Press Release
LONG ISLAND MAN SENTENCED TO THREE TO NINE YEARS FOR STEALING ELDERLY WOMAN’S EAST ELMHURST HOME
Queens District Attorney Melinda Katz announced that Marcus Wilcher was sentenced today to three to nine years in prison for stealing an East Elmhurst home from its elderly owner by using forged documents and by creating a fictitious character – the owner’s purported son — to facilitate the transaction. The home was then sold for $320,000 to a developer who intended to flip it.
District Attorney Katz said: “We will not allow scam artists to get away with targeting homes thinking they will make an easy profit through deed fraud. I created a Housing and Worker Protection Bureau to prosecute bad actors who want to steal people’s most valuable asset, their home. Thank you to the Office of New York State Attorney General Letitia James for their assistance in this prosecution.”
Wilcher, 48, of Carll Drive in Bayshore, pleaded guilty to grand larceny in the second degree before Justice Leigh Cheng on June 21. Today, the defendant was sentenced to three to nine years in prison. The sentence will run concurrently to the sentence the defendant also received today after a guilty plea in a similar deed theft case brought by the Office of Attorney General Letitia James.

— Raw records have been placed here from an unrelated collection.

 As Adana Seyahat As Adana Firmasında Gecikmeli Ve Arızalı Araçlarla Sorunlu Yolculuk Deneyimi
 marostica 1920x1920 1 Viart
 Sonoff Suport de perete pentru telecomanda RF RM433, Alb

The District Attorney’s office will file a motion and conduct a hearing to apply a state statute to restore the deed to its rightful owner, sparing the victim the time and expense of additional legal proceedings in civil court.
According to the charges and plea agreement:
- The victim owned a home on 106th Street in East Elmhurst since May 1974 and was not living there in autumn of 2022.

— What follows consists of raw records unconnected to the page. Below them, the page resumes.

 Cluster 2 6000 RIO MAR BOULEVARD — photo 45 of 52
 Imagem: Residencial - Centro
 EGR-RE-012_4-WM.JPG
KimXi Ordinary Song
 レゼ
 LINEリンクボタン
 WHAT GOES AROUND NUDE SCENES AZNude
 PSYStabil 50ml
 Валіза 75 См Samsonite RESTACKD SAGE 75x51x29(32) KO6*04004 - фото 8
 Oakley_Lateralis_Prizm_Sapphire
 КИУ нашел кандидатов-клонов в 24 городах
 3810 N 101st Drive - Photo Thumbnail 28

- On November 1, 2022, Marcus Wilcher filed a deed with the New York City Department of Finance transferring the property from its rightful owner to an LLC, with a sale price of $320,000.
- To facilitate the property transfer, Wilcher obtained identifying information about the rightful owner such as her date of birth and Social Security number and then created a forged New York state driver’s license in the name of the owner.

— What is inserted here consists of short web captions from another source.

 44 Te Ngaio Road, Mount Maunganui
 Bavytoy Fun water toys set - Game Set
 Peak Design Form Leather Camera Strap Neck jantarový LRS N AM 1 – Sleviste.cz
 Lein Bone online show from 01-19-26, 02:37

- Wilcher also created an email address purported to belong to the owner and invented a character named “Paul” who was supposed to be her son.
- The defendant – operating as “Paul” – hired an attorney to represent the owner and her “son.” He forged a power of attorney so the lawyer could represent the owner in real estate, banking and business transactions.
- After an investigation, it was determined that the victim did not grant power of attorney to the lawyer and her signature on the documents was forged; the lawyer hired by the defendant said he had never met the property owner and communicated with someone he believed to be the victim’s son; the phone number purported to belong to the owner was actually Wilcher’s number; the contract of sale for the property was electronically signed using a fake email address that was tied to Wilcher; and the proceeds from the sale of the house were transferred to bank accounts belonging to Wilcher.
Senior Assistant District Attorney Talia Vogel of the District Attorney’s Housing and Worker Protection Bureau is prosecuting the case under the supervision of Assistant District Attorneys William Jorgenson, Bureau Chief, Christina Hanophy, Senior Deputy Chief, and Rachel Stein, Deputy Chief, under the overall supervision of Executive Assistant District Attorney for Investigations Gerard A. Brave.